Il nuovo disco ricomunicia quindi da "Out of This World" facendo riappropriare la band del proprio sound melanconico ormai marchio di fabbrica; Smith, inoltre si sta avvicionando ai fatidici 40 anni e torna in uno stato simile al periodo "Disintegration" facendogli nascere l'idea di partorire la terza parte di una ipotetica trilogia iniziata con "Pornography" proseguita con "Disintegration" e che sarebbe dovuta terminare con il nuovo album, posto anche come pietra tombale della band.
Il disco pesca molto dallo stile del bestseller del 1989 con lunghe suite strumentali, ma questa volta non ci sono piu' muri di tastiere, ma di chitarre che mai come ora hanno suonato cosi' rock (strepitoso il solo, ad opera dello stesso Smith, sulla titletrack), il cantato e' sofferto come mai era accaduto negli ultimi 10 anni, ma l'atmosfera creata dal disco non e' dark, ma decadente; dalla prima all'ultima nota si respira un senso di impotenza e sconforto nei confronti dello scorrerere impietoso del tempo che si manifesta inesorabilmente nel fisico di Smith che in questo periodo appare gonfio e grasso come mai prima d'ora (voci mai confermate hanno parlato anche di problemi di salute, ma questo appare probabile visto il miglioramento negli anni successivi).

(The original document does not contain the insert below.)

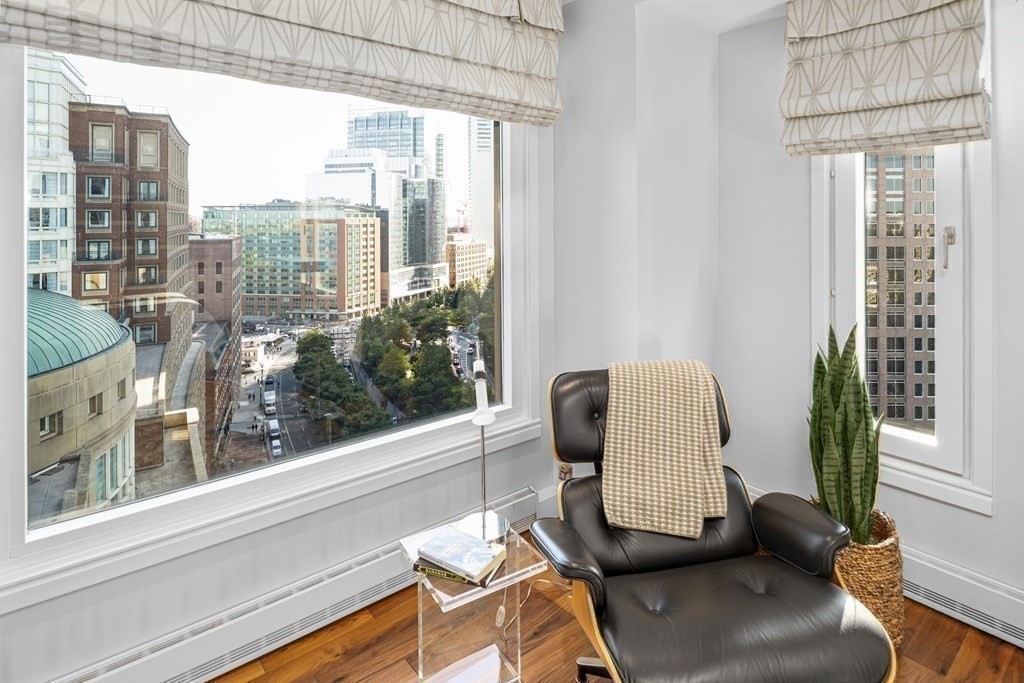 10 Rowes Wharf, Unit PH4 Boston, MA 02110 - Photo 34 of 41 a view of a living room and a window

L'album non offre spunti pop ne' nella forma (solo "there is no if..." ha un minutaggio radiofonico) ne' nella sostanza ("Maybe Someday" e' l'unica traccia con un piglio pop, ma non spendibile come singolo per la volonta' di non editarla facendole perdere la sua essenza in favore di qualche passaggio radiofonico) e per la prima volta dai tempi di "Three Imaginary Boys" i Cure non estraggono alcun singolo; in compenso il disco offre nomerosi nuovi classici come le gia' citate "Out of This World" e "Maybe Someday", la stupenda title track, la maestosa "Watching Me Fall" o "The Loudest Sound" dai tocchi piacevolmente elettronici e caratterizzata da un cantato sussurratto, ma dannatamente drammatico.
La vena compositiva appare davvero ritrovata rispetto al precedente "Wild Mood Swings" anche se i detrattori della band criticheranno la scelta di affidarsi a brani perlopiu' lenti e dalle stesse atmosfere, ma la scelta di creare un sound compatto e monotematico era una degli obbiettivi della band e nasce anche dagli ascolti intensivi di dischi come "Happy Songs for Happy People" degli scozzesi Mogwaii tanto amati dal vecchio Bob.
Ultimo disco annunciato dalla band, ultimo grande tour mondiale e ultimo album da contratto con la Fiction Records dell'amico Chris Perry, tutto preanninciava la fine che sembrava venire suggellata in maniera egregia con i Trilogy concert dove la band ha suonato per intero ed in successione cronologica "Pornography", "Disintegration" e "Bloodflowers".